#### WORK REQUEST
Exercise in exact copying: restate word for word only the lines below from the one containing "School supplies graphic" through the one containing "Blusa tipo túnica Blanco lana", omitting any pictures.

#### GIVEN RECORDS
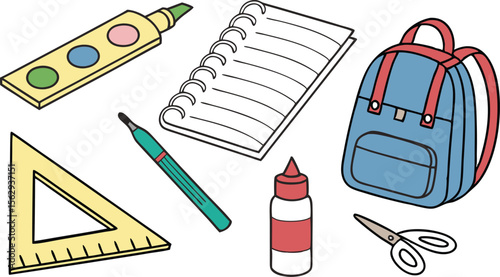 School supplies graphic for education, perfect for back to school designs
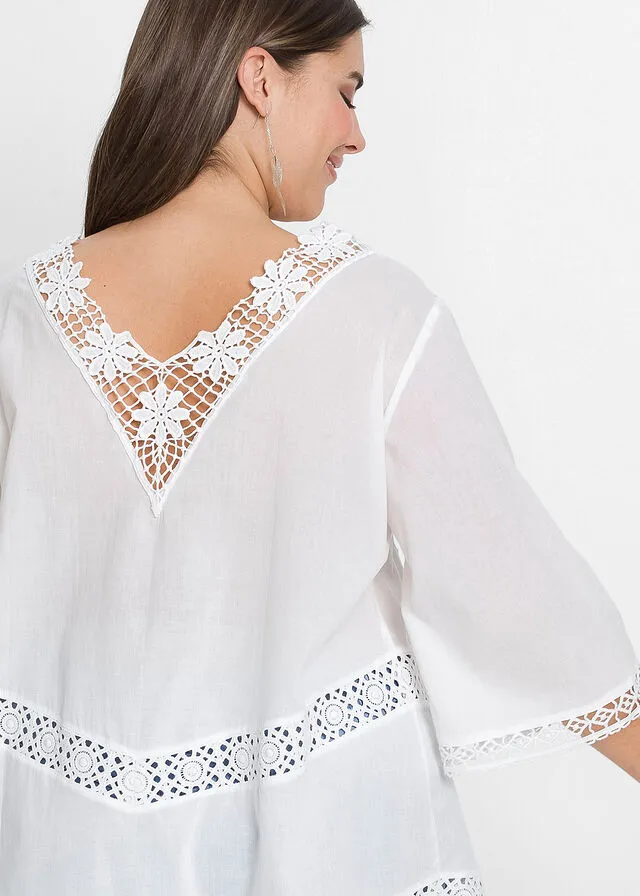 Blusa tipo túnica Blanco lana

--

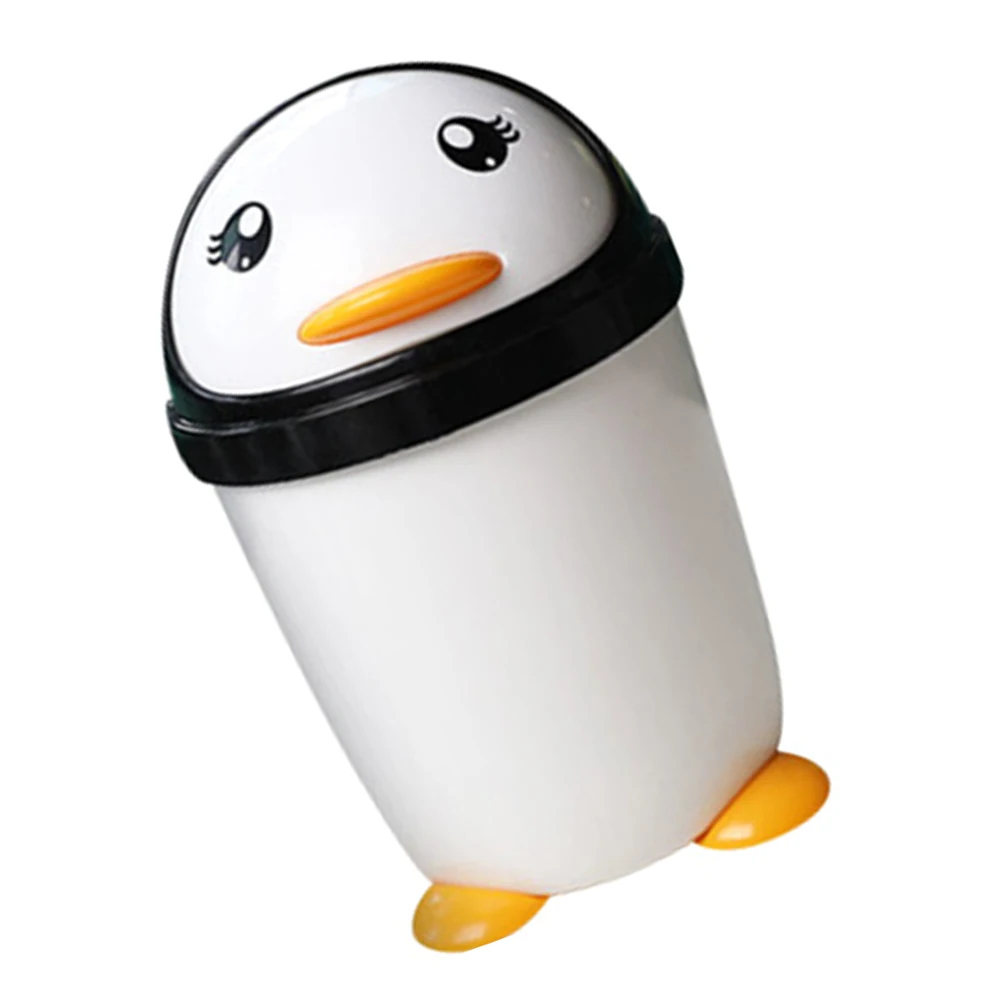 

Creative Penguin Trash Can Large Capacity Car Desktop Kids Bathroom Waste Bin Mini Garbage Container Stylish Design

#### TASK RESPONSE
 School supplies graphic for education, perfect for back to school designs
 Blusa tipo túnica Blanco lana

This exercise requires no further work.